Track 1

n2c2/OHNLP Track on Clinical Semantic Textual Similarity

Description

The wide adoption of electronic health records (EHRs) has provided a way to electronically document patient’s medical conditions, thoughts, and actions. While the use of EHRs has led to an improvement in the quality of healthcare, it has introduced new challenges. One such challenge is the growing use of copy-and-paste and templates, resulting in bloated, poorly organized, or erroneous documentation. EHRs are no longer optimized for tracking multiple complex medical problems or maintaining continuity and quality of clinical decision-making. There is a growing need for automated methods for processing patient data and reducing the cognitive burden in clinical decision-making of providers. This problem is compounded by the distribution of patient data across multiple heterogeneous sources. There is a need for tools that can aggregate data from diverse sources, minimize data redundancy, and organize and present the data in a user-friendly way in order to reduce providers’ cognitive burden.

A step in this direction consists of computing the semantic similarity among text snippets. In the general English domain, the SemEval Semantic Textual Similarity (STS) shared tasks have been organized since 2012 to develop automated methods for this purpose[1]. Clinical text contains highly domain-specific terminologies; therefore domain-specific NLP tools and resources are needed for analysis, interpretation and management of clinical text[2]. This task was previously tackled in the BioCreative/OHNLP  2018 ClinicalSTS task[3]. The 2019 n2c2/OHNLP shared task Track on Clinical Semantic Textual Similarity (ClinicalSTS) will build on this experience and provide a venue for further evaluation of systems on previously unseen data.

Task Overview

ClinicalSTS provides paired clinical text snippets that are de-identified sentences taken from clinical notes. The task is to assign a numerical score to each pair of sentences indicating their degree of semantic similarity. The scores fall on an ordinal scale, ranging from 0 to 5 where 0 means that the two snippets are completely dissimilar (i.e., no overlap in their meanings) and 5 means that the two snippets have complete semantic equivalence.

Evaluation Format

Evaluation will be conducted using withheld test data.

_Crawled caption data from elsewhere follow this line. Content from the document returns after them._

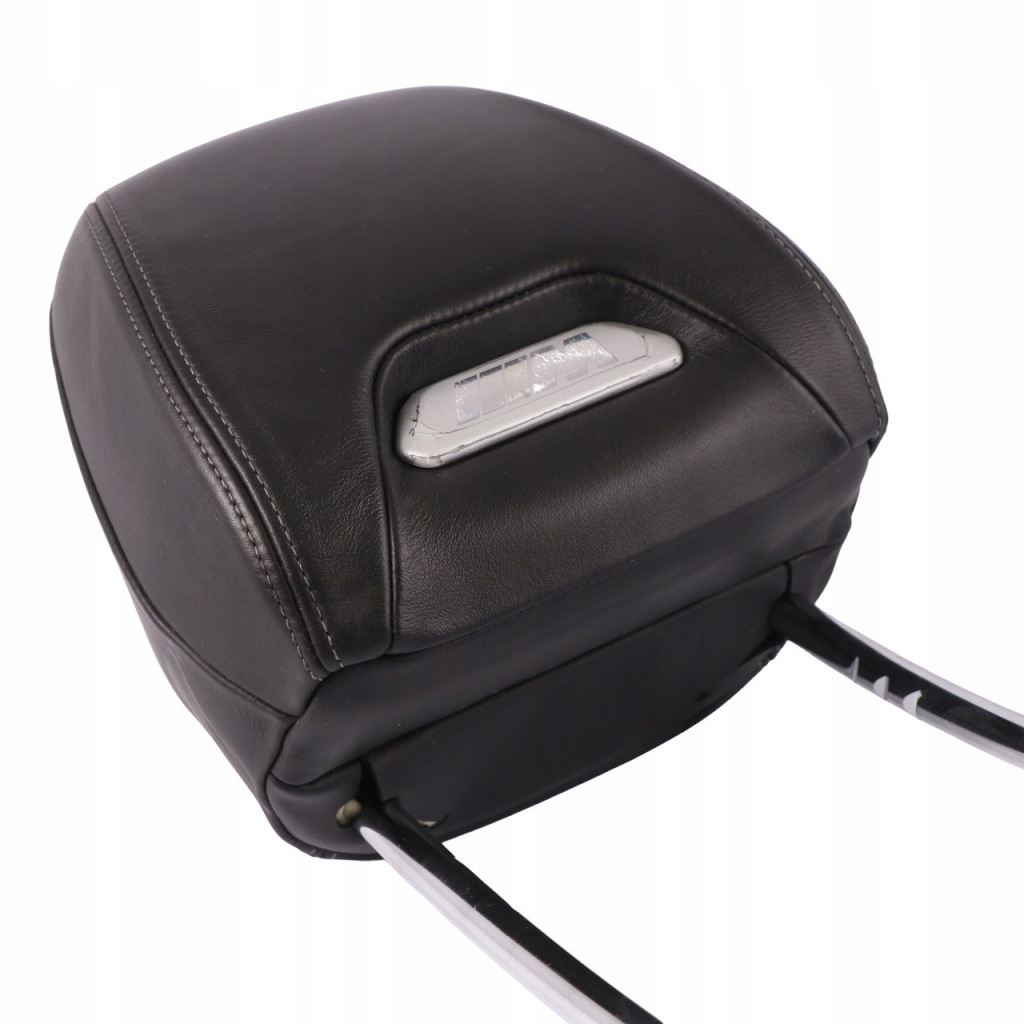 фото №10, Bmw f83 m4 cabrio підголівник сидіння спортивного czarna шкіра merino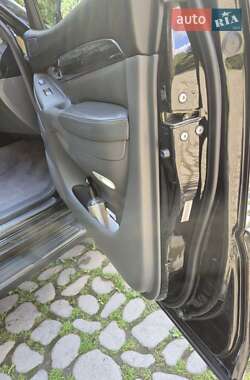 Позашляховик / Кросовер Lexus GX 2005 в 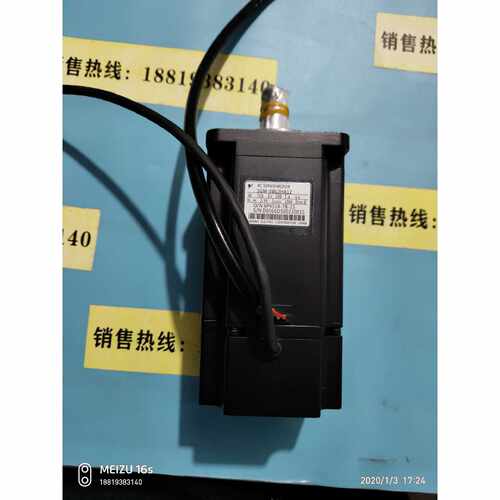 议价原装特价清仓SGMAH-04AAA-SL11现货
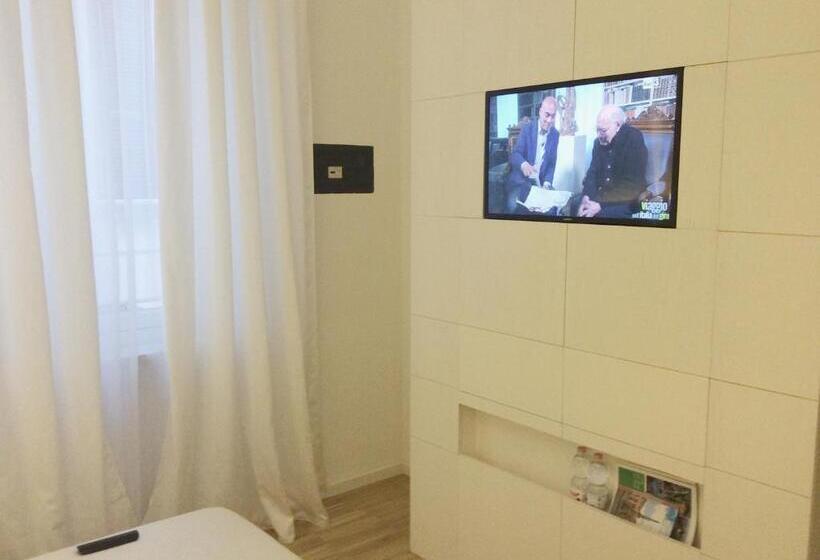 تختخواب و صبحانه Maison Fleurie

Performance will be measured by the Pearson correlation coefficient between the predicted similarity scores and human judgments. Evaluation script will be made available to the participants, so that continuous evaluation on the training data could be conducted during system development.

Participating teams are required to register and sign a Mayo Data Use Agreement to get access to the dataset.

Each team can submit up to 3 runs for the testing data where each run should have one line for each sentence pair that provides the similarity score assigned by the system as a floating point number.

Dissemination

Participants are asked to submit a 500-word long abstract describing their methodologies. Abstracts may also have a graphical summary of the proposed architecture. The document should not exceed 2 pages (i.e., 1.5 line spacing, 12pt-font size). The authors of either top performing systems or particularly novel approaches will be invited to present or demonstrate their systems at the workshop. A journal venue will be organized following the workshop.

Contact

Please join the discussion group below for announcements. Questions about the challenge can be addressed to the organizers by posting to the group (New Topic button) or sending email to the address below.
Discussion Group: N2C2/OHNLP_2019_ClinicalSTS_Task
Email: n2c2ohnlp_2019_clinicalsts_task@googlegroups.com

Tentative Timeline

Registration April 10, 2019
Training Data Release May 27, 2019
Test Data Release August 5, 2019
System Outputs Due August 7, 2019 (11:59pm Eastern Time)
Aggregate Results Release August 12, 2019 (11:59pm Eastern Time)
Abstract Submission September 9, 2019

References

[1]Cer, D., Diab, M., Agirre, E., Lopez-Gazpio, I., & Specia, L. (2017). Semeval-2017 task 1: Semantic textual similarity-multilingual and cross-lingual focused evaluation. arXiv preprint arXiv:1708.00055.

[2]Wang, Y., Afzal, N., Fu, S., Wang, L., Shen, F., Rastegar-Mojarad, M., & Liu, H. (2018). MedSTS: a resource for clinical semantic textual similarity. Language Resources and Evaluation, 1-16.

[3]Wang, Y., Afzal, N., Liu, S., Rastegar-Mojarad, M., Wang, L., Shen, F., ... & Liu, H. (2018). Overview of the BioCreative/OHNLP Challenge 2018 Task 2: Clinical Semantic Textual Similarity. Proceedings of the BioCreative/OHNLP Challenge, 2018.